Work request:
A word-for-word copy of the entries, with the images left out, is what you should write.

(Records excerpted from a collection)

*-*-*

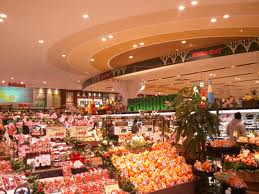 スーパー　レガネットキュート中洲川端店（スーパー）まで116m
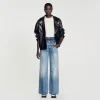 Sandro Paris Sueter Tricotado-Mulheres Suéteres E Cardigans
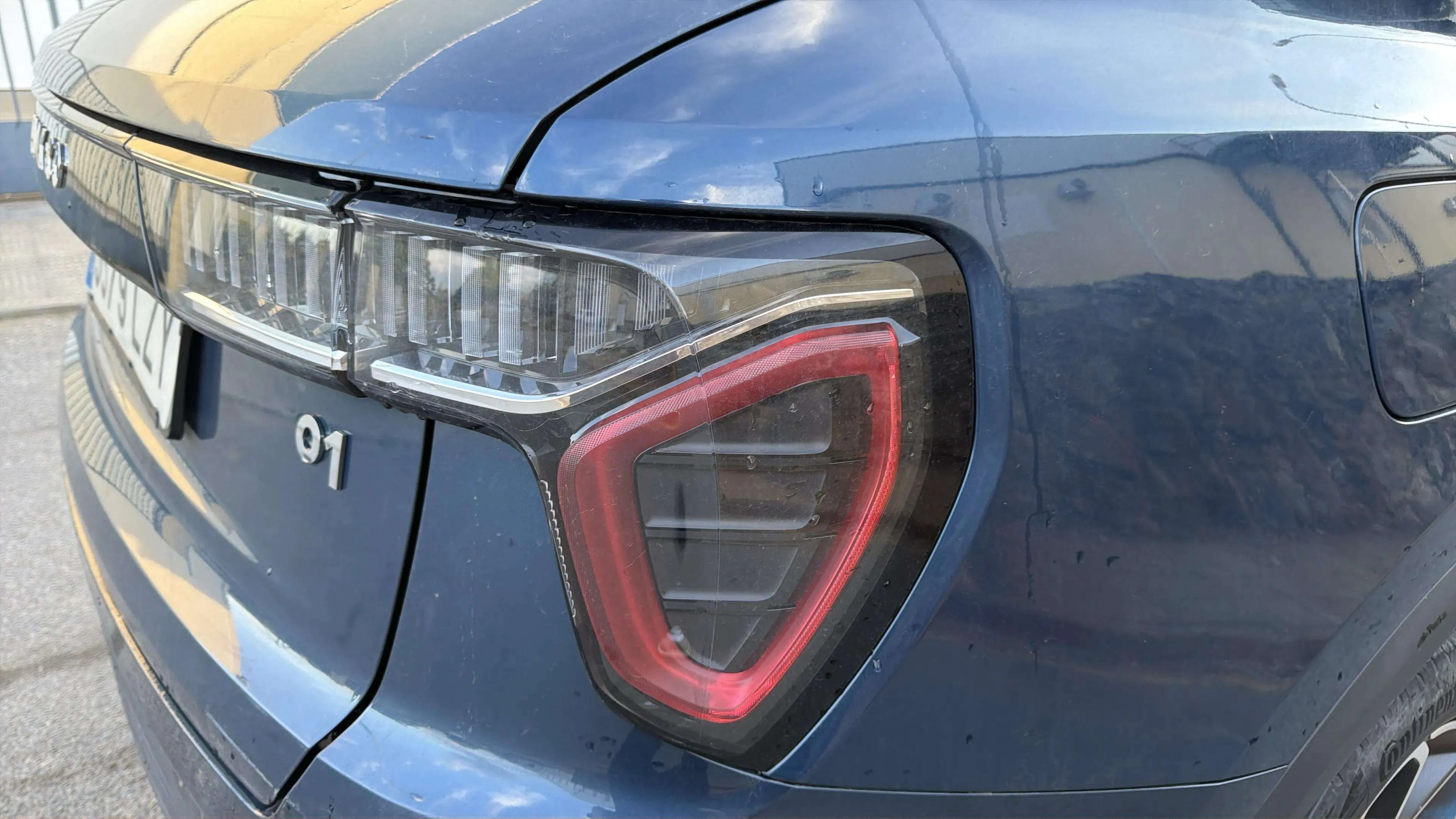 Lynk & Co 01 1.5 PHEV - foto 24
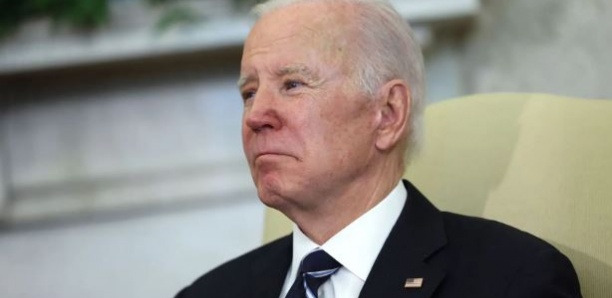 Nouvelle découverte de documents confidentiels chez Joe Biden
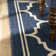 Reid Performance Geometric Indoor/Outdoor Area Rug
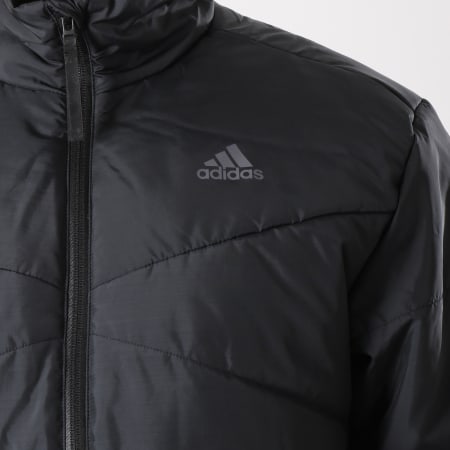 Adidas Sportswear - Doudoune Basic CZ0616 Noir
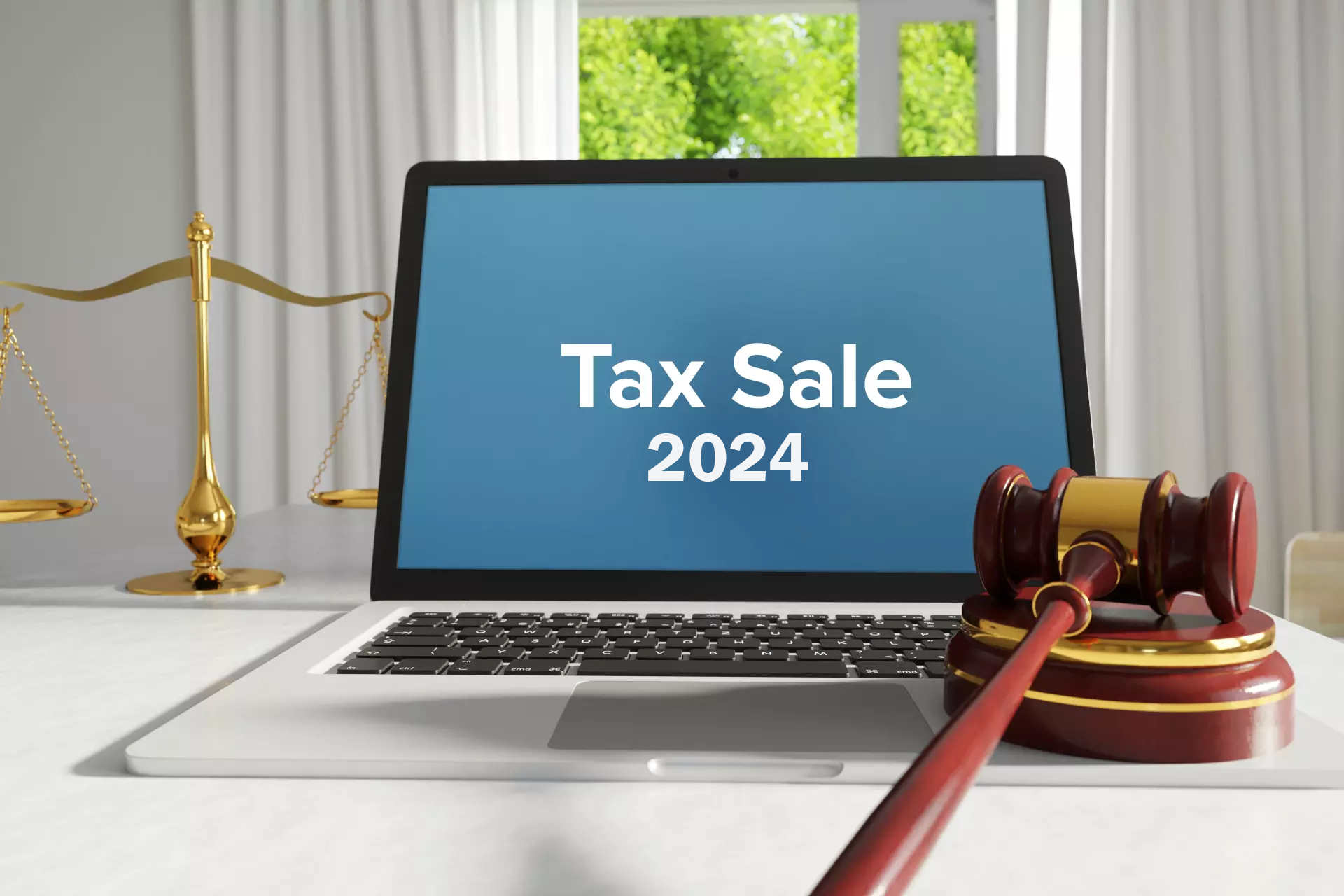 2024 Shawnee County Tax Foreclosure Auction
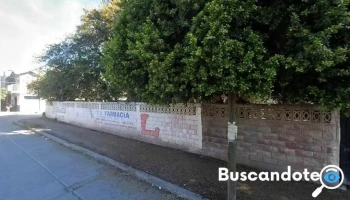 Clinica y Farmacia Guadalupana - Guadalupe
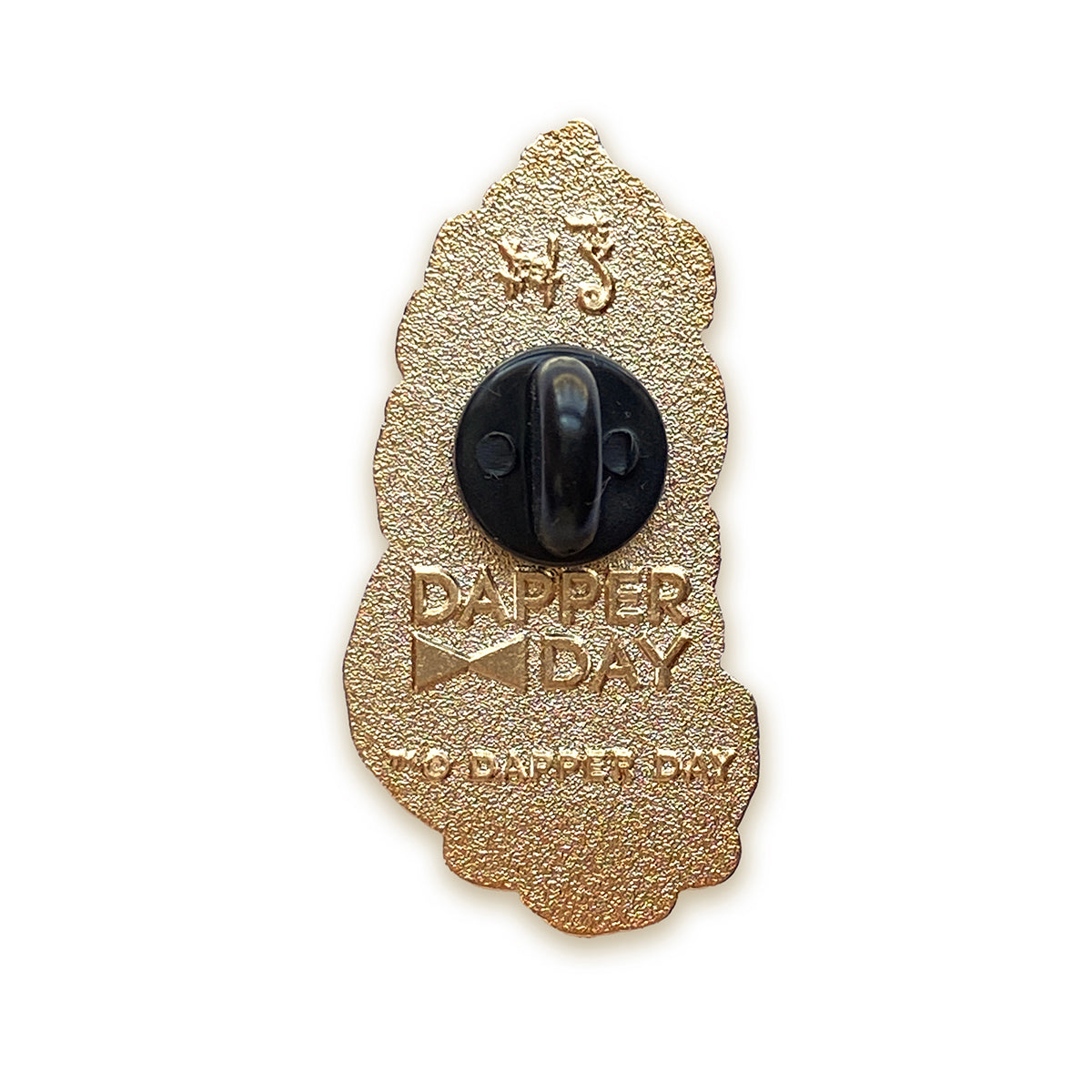 Cowardly Lion Pin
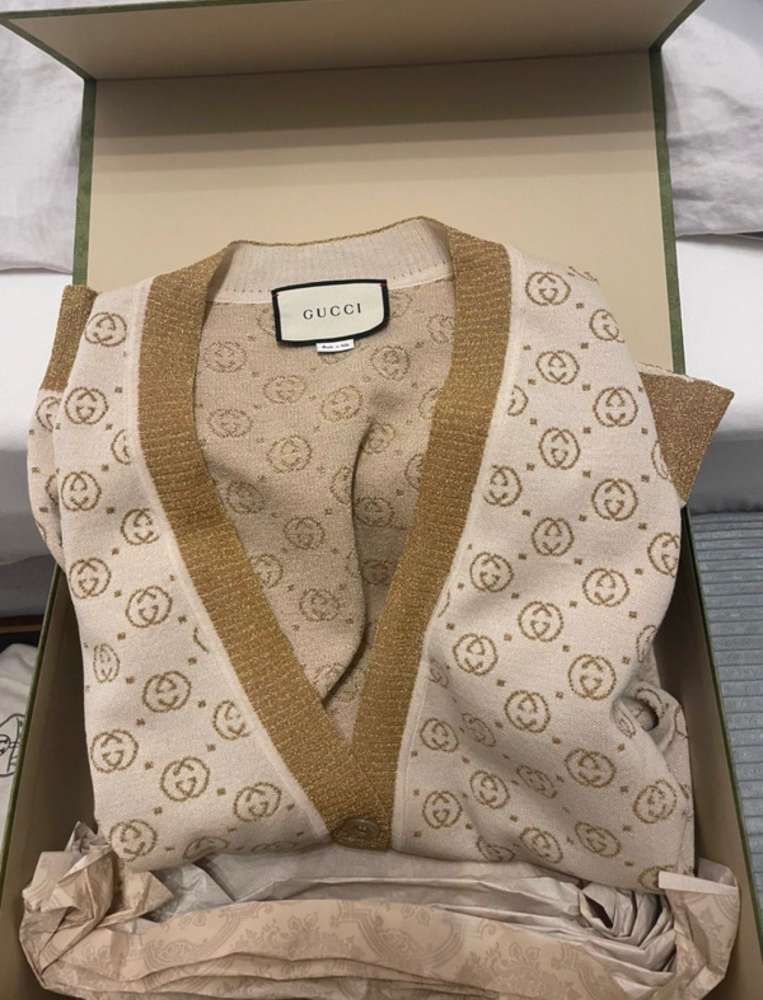 Gucci sveter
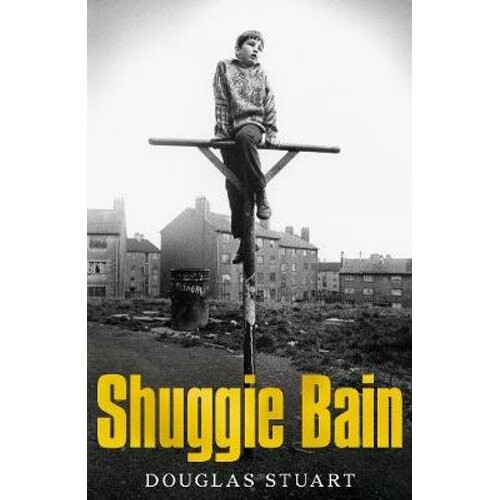 Shuggie Bain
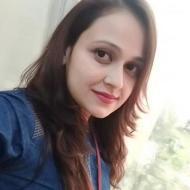 Poonam T. Class 12 Tuition trainer in Mohali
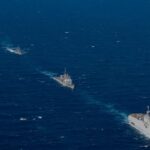 Colombia Estados Unidos y Francia se unen para combatir el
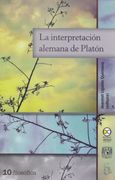 La Interpretación Alemana de Platón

*-*-*

Result for this task:
 スーパー　レガネットキュート中洲川端店（スーパー）まで116m
 Sandro Paris Sueter Tricotado-Mulheres Suéteres E Cardigans
 Lynk & Co 01 1.5 PHEV - foto 24
 Nouvelle découverte de documents confidentiels chez Joe Biden
 Reid Performance Geometric Indoor/Outdoor Area Rug
 Adidas Sportswear - Doudoune Basic CZ0616 Noir
 2024 Shawnee County Tax Foreclosure Auction
 Clinica y Farmacia Guadalupana - Guadalupe
 Cowardly Lion Pin
 Gucci sveter
 Shuggie Bain
 Poonam T. Class 12 Tuition trainer in Mohali
 Colombia Estados Unidos y Francia se unen para combatir el
 La Interpretación Alemana de Platón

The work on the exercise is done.